Of course ‘Himizu’ – meaning ‘a mole’ – uses the ploy of dark comedy to get its point across. What’s striking is that the film’s black humour and over-the-top, nearly cartoonish story accumulate their unlikely power and hit you hard in the stomach (and the head too). Sion Sono is a director who doesn’t value subtlety, and in his movies – the 4-hour-long ‘Love Exposure’ and the serial murder saga ‘Cold Fish’ -- he’s always used far-fetched setup and garish details to throw insult at the superstructure of the rigid Japanese society. There will be those who feel that the film is too blunt in its depiction of familial violence. But violence, internal and external, natural and unnatural, is the point here, and ‘Himizu’ is one of the first Japanese films to use the backdrop of the tsunami as a lens to look at the emotional aftershock felt by the country.

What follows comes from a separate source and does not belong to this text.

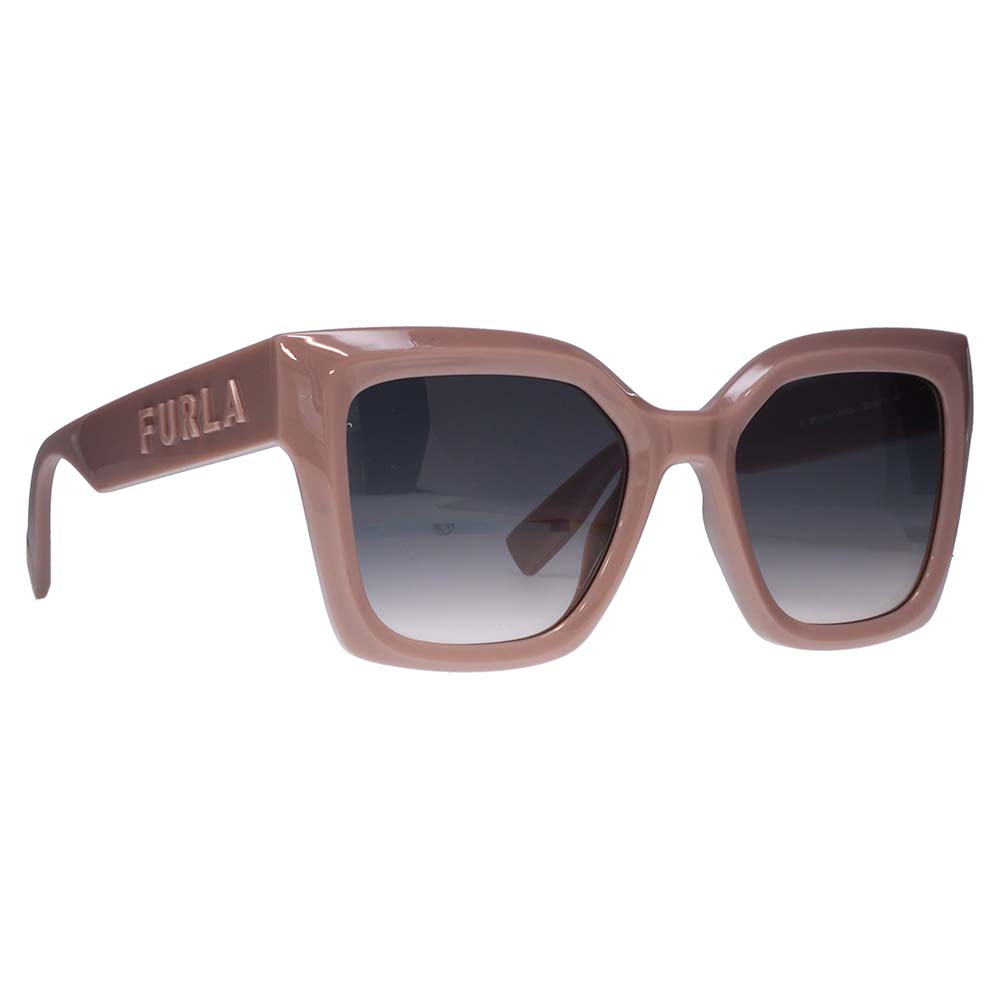 【正規品販売店】 FURLA フルラ サングラス SFU810V 06Y1 53 オーバーサイズ バタフライ セル グローバルモデル レディース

Shifting style yet still in the terrain of teen angst, Emily Bronte’s ‘Wuthering Heights’ has received a new interpretation by Scottish director Andrea Arnold (the dense ‘Red Road’ and the gritty ‘Fish Tank’). Despite the several movie versions, this new one manages to convey the ‘atmospheric tumult’ – as Bronte described the stormy Yorkshire heights in her novel – through a fresh film grammar and stylized misc-en-scene: shot in 4:3 ratio rather than the wider 16:9, the film relies on close-up, hushed exchange, woozy, hand-held camera following the characters on their many runs across the damp fields, and remarkable shots of everyday sensuality, like when young Catherine Earnshaw kisses the bleeding wounds of Heathcliff after he was caned. Director Arnold has given us an interiorized romance, where feeling simmers and obsession boils. In remaking a classic story, Arnold guns for modern aesthetics. And by making Heatfcliff black – in the book he's a gypsy – the film increases the tension between the characters and gives the story’s second half, when Heathcliff returns to the heights as a rich man, a possibly new re-reading.
The film will split the critics, but here’s a ‘Wuthering Heights’ like none you’ve seen before.
The 68th Venice Film Festival will wrap tomorrow.